NZ’s conversion practices prohibition law: A wolf in wolf’s clothing

A commentary by Jan Rivers, Fully Informed.

What Has Happened?

Following a record 106,000 submissions, oral hearings conducted at breakneck speed, with sometimes as few as two MPs present, the New Zealand “conversion therapy: bill was presented  for its second reading on 8 February as the first item of business for 2022 and was passed into law a week later.  (NZ Government, 2022 Ministry of Justice 2022.) This undue haste speaks to the influence that the LGBTQIA++ lobby has both in and outside of Parliament, as was the case with the Births, Deaths, Marriages and Relationships Registration (BDMRR) legislation. Together with the BDMRR Act, this new law is part of a suite of legislation embedding gender identity in New Zealand law that cement the idea that there are ‘transgender children’ in New Zealand who need medicine and new legal identities.

The main concern of opponents is not opposition to conversion therapy, but the way in which the new law conflates the concepts of gender identity and sexual orientation. In addition, there is international evidence of a strong thrust to equate exploratory counselling with conversion therapy (D’Angelo, 2020)  that is reflected in the law. Unlike being gay or heterosexual, claiming a transgender identity is not a stable phenomenon, especially in children and young people. International research shows that most gender transitioners are actually same-sex attracted and/or have faced significant adverse childhood events and suffer from high levels of co-morbid mental health conditions including Autism Spectrum Disorder(ASD).  It is astounding that legislators think it is okay to sterilise and render anorgasmic minors and young adults especially those who are either LGB and ASD. The evidence for gender medicine’s benefits are extremely weak (Cohen & Barnes, 2021) and the levels of harm it causes are high (LGB Alliance Australia, 2022) with countries such as the UK, Finland, and Sweden (SEGM, 2021) (Kirkup, 2020) (Canadian Gender Report, 2020) and even practitioners from the World Professional Association of Transgender Health (WPATH) backing away from the treatment approaches used in New Zealand (Edwards-Leeper & Anderson, 2021) even as they are being enforced in law.

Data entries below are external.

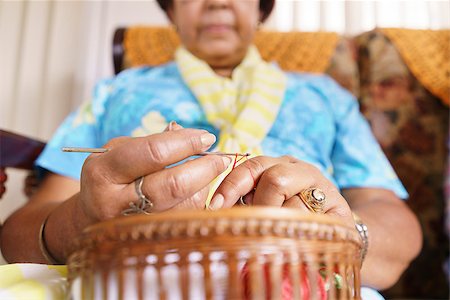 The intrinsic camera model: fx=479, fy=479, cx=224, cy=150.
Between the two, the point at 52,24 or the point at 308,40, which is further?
the point at 52,24

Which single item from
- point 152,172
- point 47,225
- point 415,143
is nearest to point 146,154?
point 152,172

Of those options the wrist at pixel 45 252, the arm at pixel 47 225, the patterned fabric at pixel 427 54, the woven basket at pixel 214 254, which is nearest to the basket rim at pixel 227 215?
the woven basket at pixel 214 254

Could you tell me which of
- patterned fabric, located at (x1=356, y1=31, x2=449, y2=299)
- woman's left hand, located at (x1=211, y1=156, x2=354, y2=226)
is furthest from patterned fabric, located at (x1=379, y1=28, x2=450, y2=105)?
woman's left hand, located at (x1=211, y1=156, x2=354, y2=226)

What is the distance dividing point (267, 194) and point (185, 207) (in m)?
0.08

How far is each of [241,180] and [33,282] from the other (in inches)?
8.3

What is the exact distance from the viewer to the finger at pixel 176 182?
41 cm

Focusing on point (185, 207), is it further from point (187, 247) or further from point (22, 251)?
point (22, 251)

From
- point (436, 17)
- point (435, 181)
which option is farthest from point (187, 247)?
point (436, 17)

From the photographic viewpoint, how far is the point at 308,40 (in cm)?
123

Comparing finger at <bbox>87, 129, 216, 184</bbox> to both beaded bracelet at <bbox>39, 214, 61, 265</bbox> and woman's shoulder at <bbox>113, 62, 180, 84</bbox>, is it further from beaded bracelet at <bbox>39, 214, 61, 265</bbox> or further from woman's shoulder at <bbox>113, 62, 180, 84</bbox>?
woman's shoulder at <bbox>113, 62, 180, 84</bbox>

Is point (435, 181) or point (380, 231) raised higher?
point (380, 231)

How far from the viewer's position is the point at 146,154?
1.32 ft

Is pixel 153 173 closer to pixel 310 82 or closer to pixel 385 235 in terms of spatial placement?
pixel 385 235

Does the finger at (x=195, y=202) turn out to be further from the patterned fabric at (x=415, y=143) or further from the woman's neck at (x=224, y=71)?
the patterned fabric at (x=415, y=143) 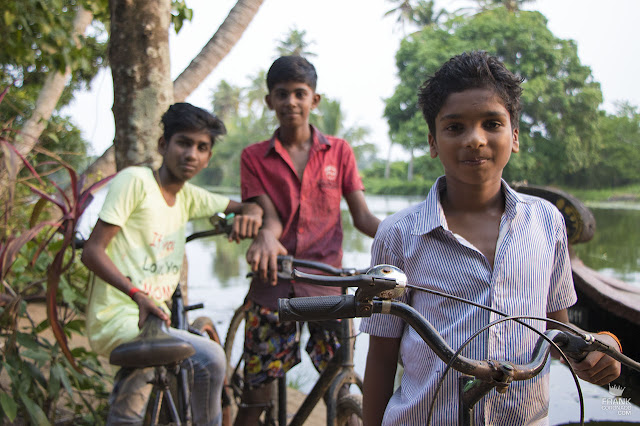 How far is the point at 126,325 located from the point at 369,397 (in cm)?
118

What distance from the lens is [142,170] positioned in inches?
91.7

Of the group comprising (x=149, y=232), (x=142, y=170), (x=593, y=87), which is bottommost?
(x=149, y=232)

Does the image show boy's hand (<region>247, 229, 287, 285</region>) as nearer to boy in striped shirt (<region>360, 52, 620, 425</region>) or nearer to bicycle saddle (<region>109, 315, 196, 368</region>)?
bicycle saddle (<region>109, 315, 196, 368</region>)

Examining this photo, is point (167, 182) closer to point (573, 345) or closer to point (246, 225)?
point (246, 225)

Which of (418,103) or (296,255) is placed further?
(296,255)

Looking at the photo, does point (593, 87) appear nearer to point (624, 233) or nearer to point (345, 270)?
point (624, 233)

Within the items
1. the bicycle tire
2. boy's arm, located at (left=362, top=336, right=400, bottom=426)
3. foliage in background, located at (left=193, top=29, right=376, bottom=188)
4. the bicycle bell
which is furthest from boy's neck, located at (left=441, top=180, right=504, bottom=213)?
foliage in background, located at (left=193, top=29, right=376, bottom=188)

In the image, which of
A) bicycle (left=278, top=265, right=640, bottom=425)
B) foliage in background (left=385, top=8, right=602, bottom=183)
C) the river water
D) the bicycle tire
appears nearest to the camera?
bicycle (left=278, top=265, right=640, bottom=425)

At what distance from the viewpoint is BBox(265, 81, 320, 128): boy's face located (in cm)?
238

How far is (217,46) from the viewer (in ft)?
11.8

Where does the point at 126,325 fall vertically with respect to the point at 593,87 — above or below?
below

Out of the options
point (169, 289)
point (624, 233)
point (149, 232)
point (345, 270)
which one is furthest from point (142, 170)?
point (624, 233)

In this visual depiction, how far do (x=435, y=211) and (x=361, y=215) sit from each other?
1195 millimetres

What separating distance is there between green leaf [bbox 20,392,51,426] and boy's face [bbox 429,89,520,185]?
7.29ft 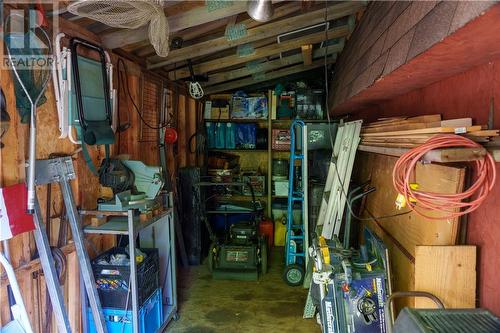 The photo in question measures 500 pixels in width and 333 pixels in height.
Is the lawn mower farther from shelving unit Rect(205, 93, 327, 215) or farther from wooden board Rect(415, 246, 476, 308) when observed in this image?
wooden board Rect(415, 246, 476, 308)

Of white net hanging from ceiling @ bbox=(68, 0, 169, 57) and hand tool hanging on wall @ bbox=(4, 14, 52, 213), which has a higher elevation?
white net hanging from ceiling @ bbox=(68, 0, 169, 57)

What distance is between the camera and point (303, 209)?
3475 millimetres

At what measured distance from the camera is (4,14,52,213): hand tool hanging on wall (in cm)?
166

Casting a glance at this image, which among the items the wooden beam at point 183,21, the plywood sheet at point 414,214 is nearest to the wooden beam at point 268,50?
the wooden beam at point 183,21

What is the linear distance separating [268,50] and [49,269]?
2.76 meters

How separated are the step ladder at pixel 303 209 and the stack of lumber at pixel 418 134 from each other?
0.83 m

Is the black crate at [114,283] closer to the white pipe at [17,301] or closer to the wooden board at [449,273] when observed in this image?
the white pipe at [17,301]

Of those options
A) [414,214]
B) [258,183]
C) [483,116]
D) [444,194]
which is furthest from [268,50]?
[444,194]

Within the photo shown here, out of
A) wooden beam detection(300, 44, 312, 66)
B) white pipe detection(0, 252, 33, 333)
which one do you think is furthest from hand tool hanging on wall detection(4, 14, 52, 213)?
wooden beam detection(300, 44, 312, 66)

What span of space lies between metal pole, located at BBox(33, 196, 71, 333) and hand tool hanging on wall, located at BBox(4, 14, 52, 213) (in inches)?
3.7

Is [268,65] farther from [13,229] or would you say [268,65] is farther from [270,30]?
[13,229]

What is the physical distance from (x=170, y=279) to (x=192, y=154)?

The best available research shows that almost 80% of young people desist without gender medicine whereas almost all of those who are treated persist to cross sex hormones. (WPATH, 2011) This means interventions like social transition and medical treatment drastically change the life course of gender-questioning youth.

Changes arising from the Select Committee process

There were no changes to the draft law as a result of the evidence provided by Genspect, Stella O’Malley in Genspect’s oral presentation (O’Malley, 2021), or by many other well-researched submissions (Fully Informed, 2021, LAVA, 2021). Following the Select Committee process, persisting concerns were so serious that at least one health practitioner organisation wrote to the Chair of the Select Committee asking for the bill to be deferred pending more consultation.  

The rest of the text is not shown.